> **Try it**:
Down to the last line below, write out every line exactly, starting with the one that contains "thumbnail image 6" and leaving out the pictures.

> **Given entries**:
######
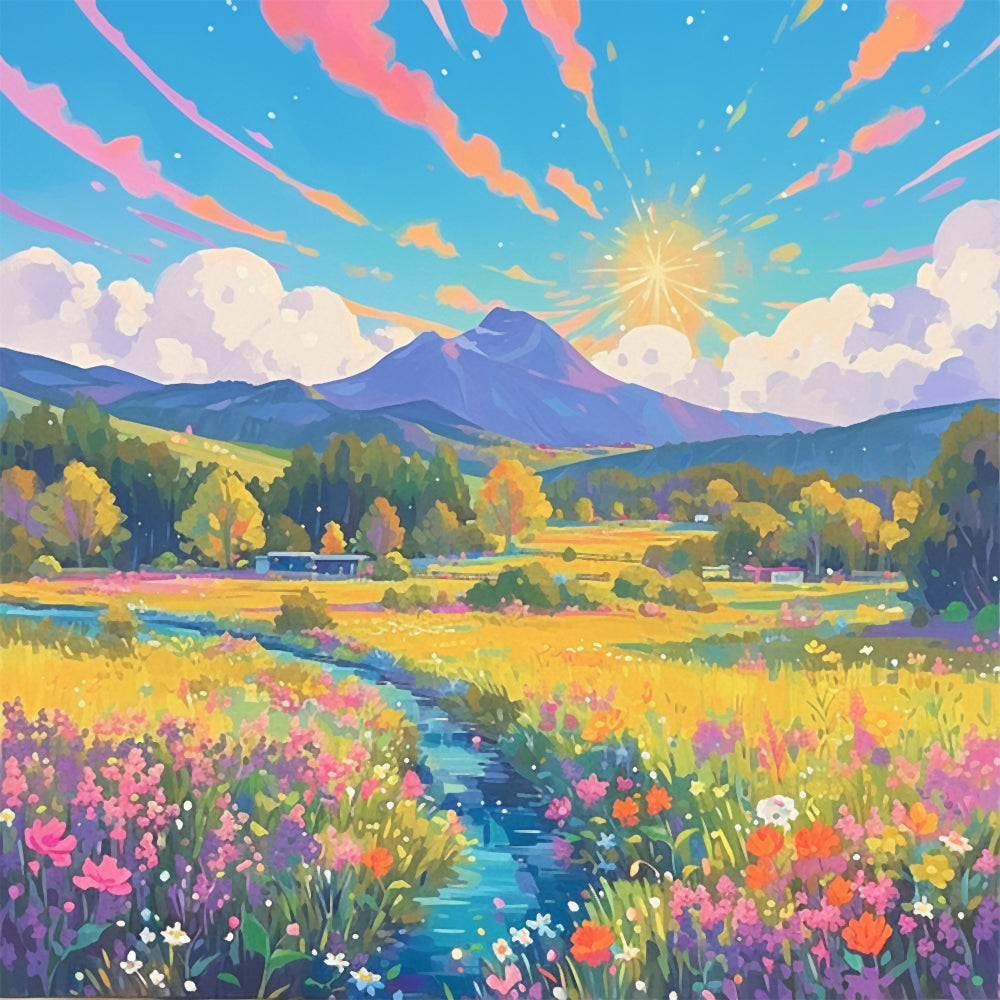Campo de Flores y Arroyo entre Montañas Pintar por Números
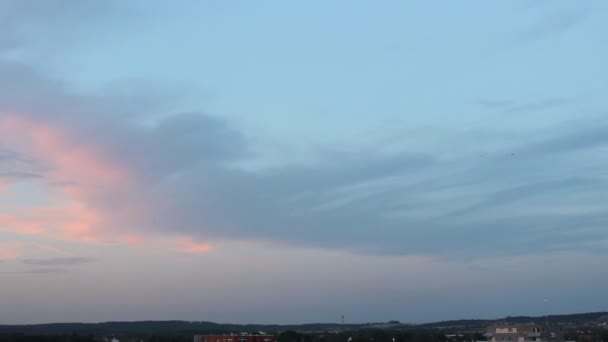 Timelapse Nuage Couleur Orange Bleue Avec Terre — Video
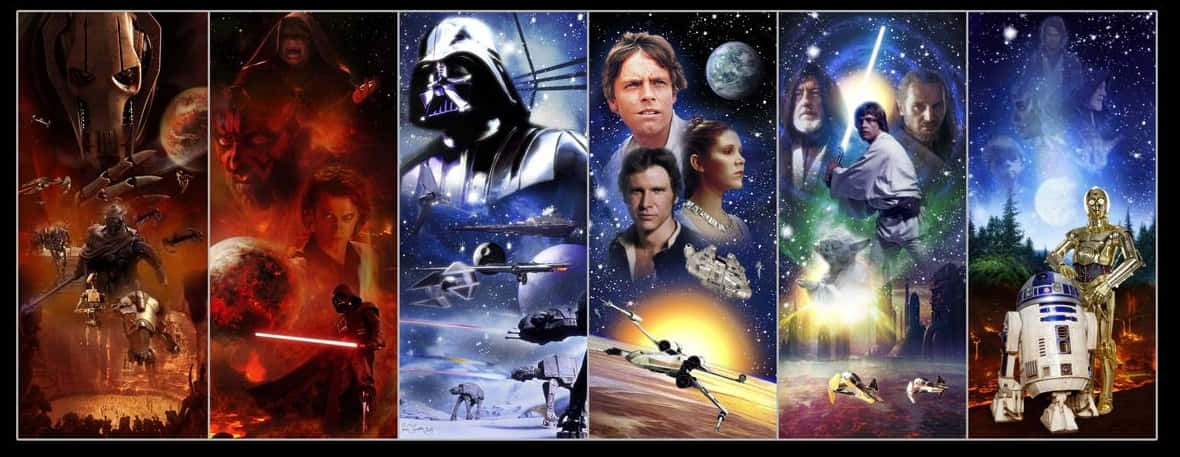 Star Wars Characters 桌布 壁紙 — 一幅充滿活力的星際大戰角色與場景拼貼畫，涵蓋熾熱行星、星域和太空戰鬥。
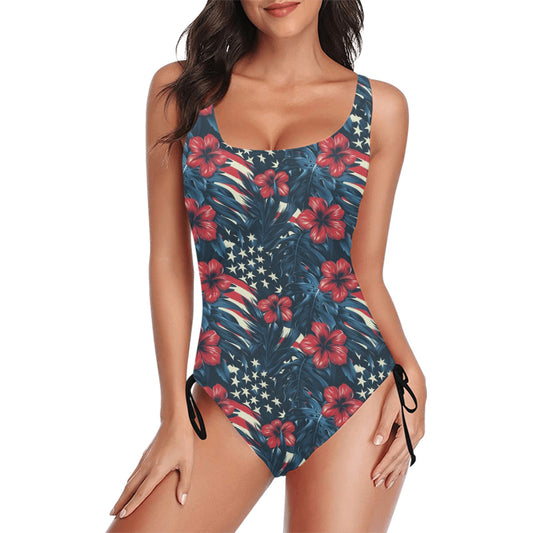Red White Blue Hibiscus One Piece Swimsuit for Women, American USA Stars Beach Hawaiian Cute Designer Swim Swimming Bathing Suits Swimwear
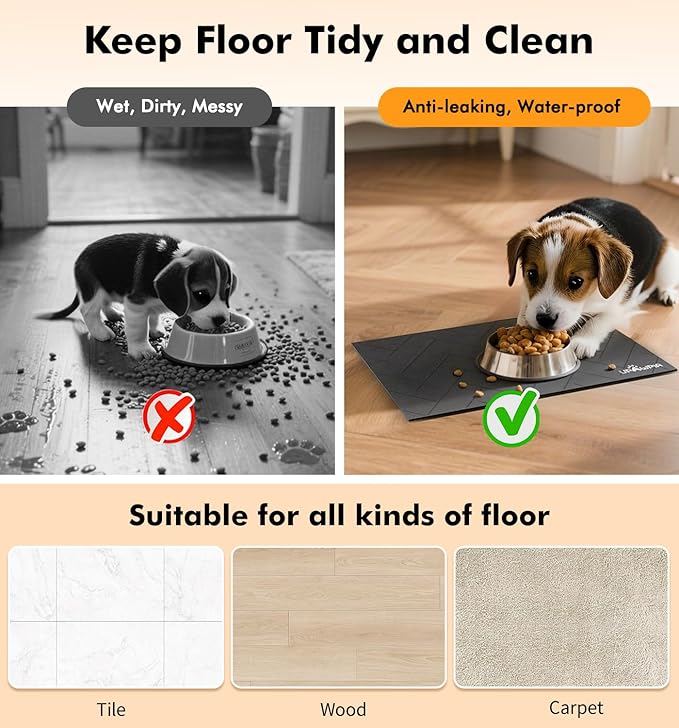 Pet Food Mat Absorbent Cat Food Mat Dog Mat for Food and Water Quick Dry No Stains Dog Feeding Mat Placemat for Messy Drinkers Cat Food Mats for Indoor Cats Bowl Mats Pet Supplies 17"X28" Grey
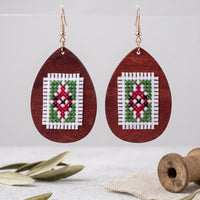 Wooden Cross-Stitch Earrings - Izz Cafe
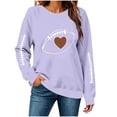 thumbnail image 6 of Qgtaibl Long Sleeve Fleece Sweatshirts for Women Heart Football Print Game Day Pullover Tops Fall Casual Football Season Shirt Purple XL, 6 of 9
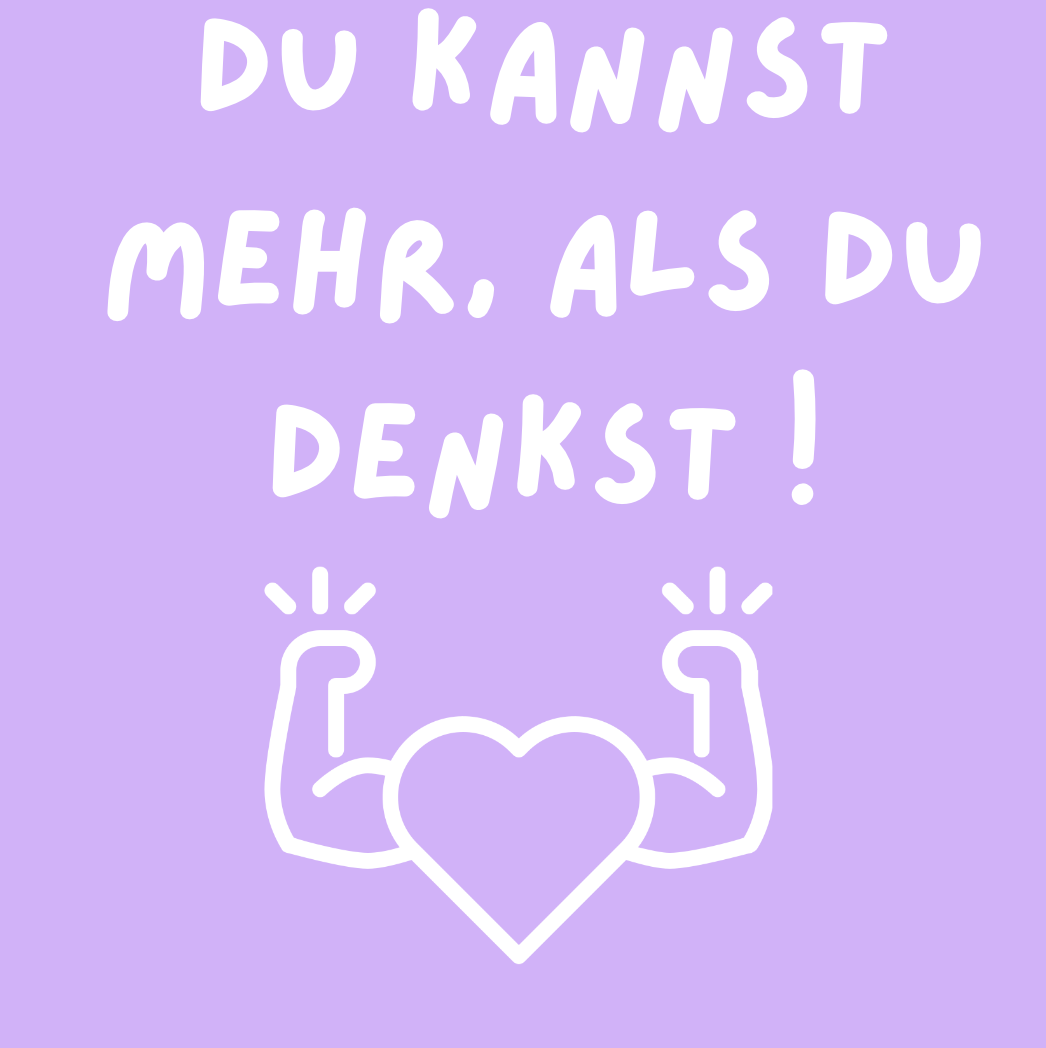 Tasche/ Tote Bag/ Stoffbeutel aus Baumwolle pastell mit Spruch: Du kannst mehr, als du denkst!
######
> **Task output**:
 thumbnail image 6 of Qgtaibl Long Sleeve Fleece Sweatshirts for Women Heart Football Print Game Day Pullover Tops Fall Casual Football Season Shirt Purple XL, 6 of 9
 Tasche/ Tote Bag/ Stoffbeutel aus Baumwolle pastell mit Spruch: Du kannst mehr, als du denkst!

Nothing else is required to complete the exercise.